What Investment Property Loan Structure Should You Use?

The way your loan is structured can potentially have a big impact for your return on a property investment. We therefore strongly recommend you put some time into getting your loan structure right. With that in mind, we thought we’d take a look at some of the different structures out there – so you can assess which is best suited to you.

 

Principal and Interest vs Interest Only

We actually talked about this concept at some length in a previous post – so we won’t go in depth here, but please feel free to check out all the info here.

 

Variable vs Fixed

Now let’s look at variable vs fixed loan structures – and what the potential differences and benefits are of each.

 

Variable Loan Structure

The variable structure is the most common way that people structure their loans. A variable interest rate is (yes, you’ve guessed right) variable – meaning it can change over time.

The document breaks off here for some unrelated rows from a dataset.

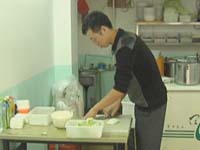 退伍兵开小吃店 为环卫工提供免费早餐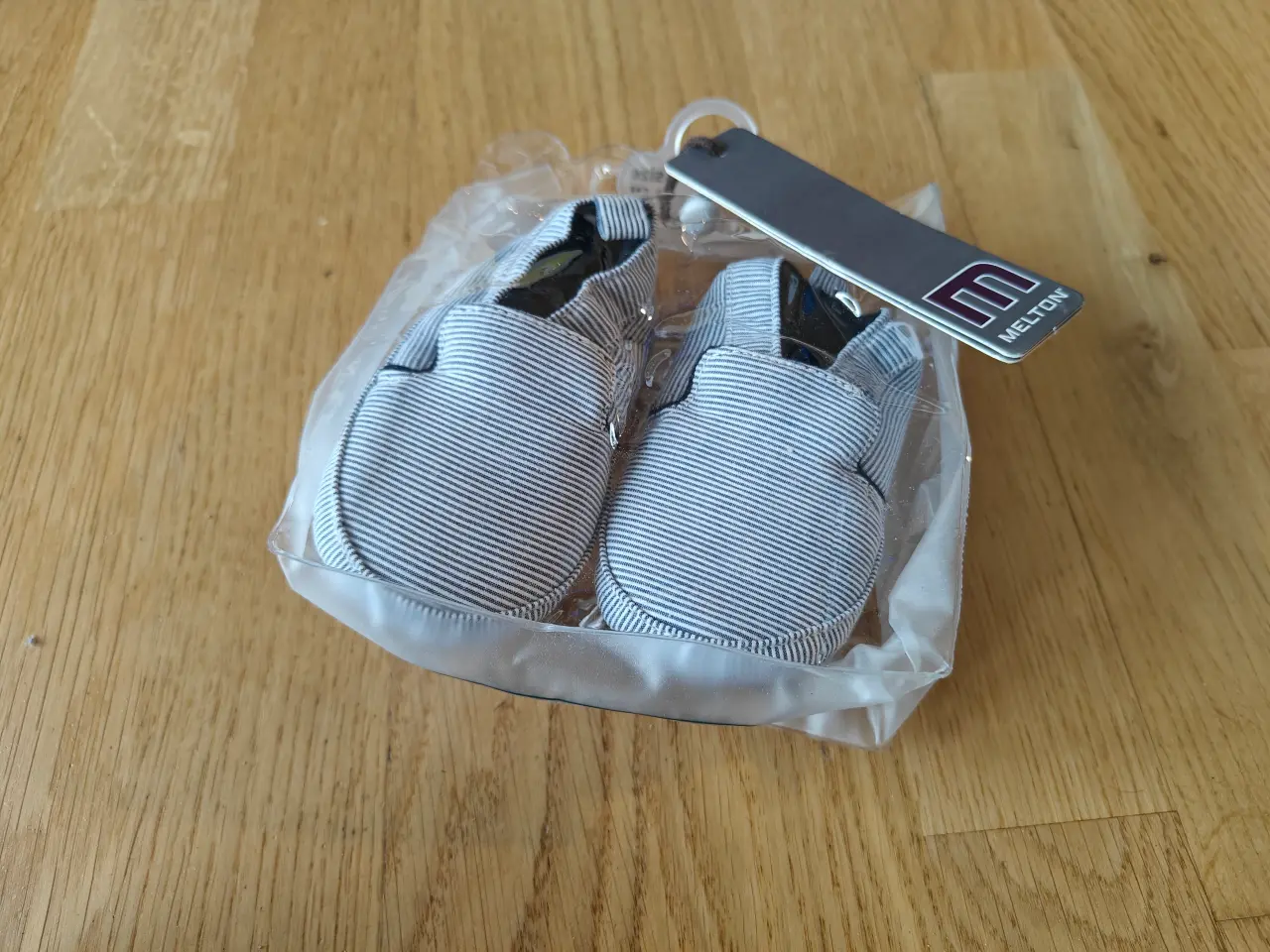 Billede 1 - Melton hjemmesko nye, str. 0-6 månder.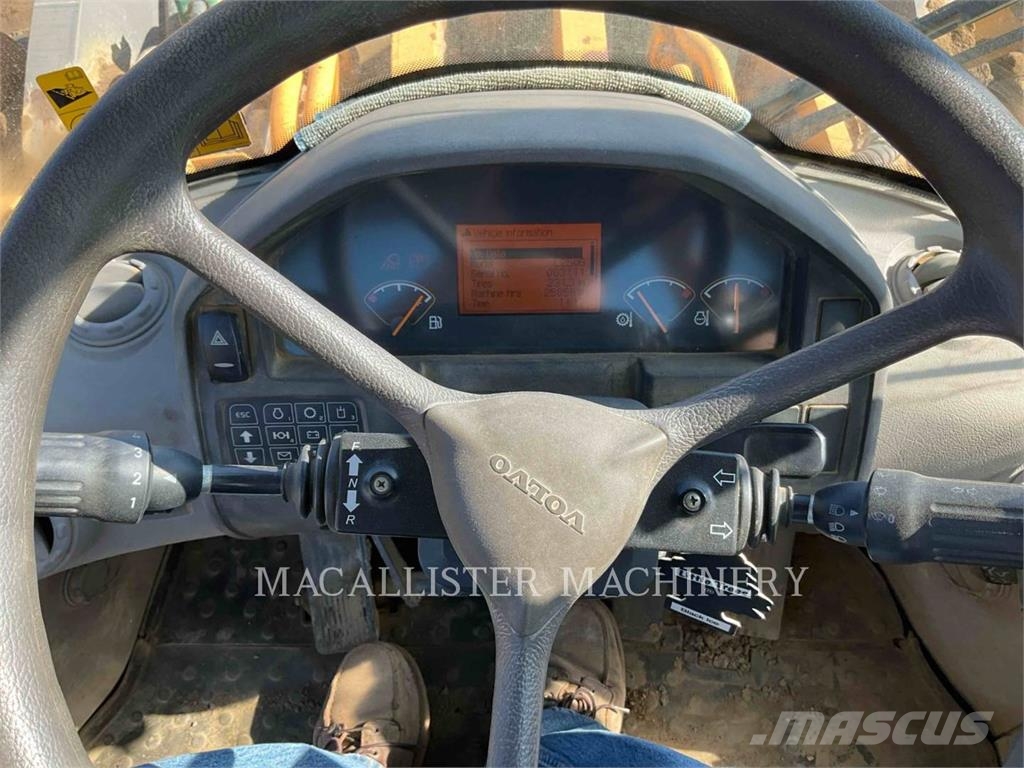 Volvo L250G Gumikerekes homlokrakodók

So if interest rates change in the market – so will your interest rates. That’s good news if interest rates go down … the amount of money you will have to pay will decrease. But, of course, if they go up, then – conversely – the amount you’ll have to pay will increase.

Variable rates obviously come into their own if the market goes down. You can potentially pay off more money on your mortgage than if you have a fixed loan.

 

Fixed Loan Structure

A fixed loan literally has a “fixed” interest rate that will apply for anywhere between one to five years. Five years is generally the limit to which fixed loans are applied – although you’ll find a few out there lasting for a longer term. With a fixed loan your interest rates stay the same – ensuring you know exactly what you’re going to be paying each month. So, you’ll have no surprises (good or bad).

However, fixed loans come with limitations. You generally can’t put extra money to pay off your loan because of the set amounts. It’s therefore much harder to pay these loans off quickly. On the flipside, you won’t bear the brunt of any changes if interest rates in the market go up. In fact, you’ll have a lower interest rate than everyone else.

 

Do your research

So it’s important to weigh up your options when choosing your loan structure.

It’s also worth noting you have some flexibility of choice: many investors, for example, will start with an interest only structure – then make a shift to principal and interest when their cash flow improves. Other investors will choose to split the loan – fixing only a part of it.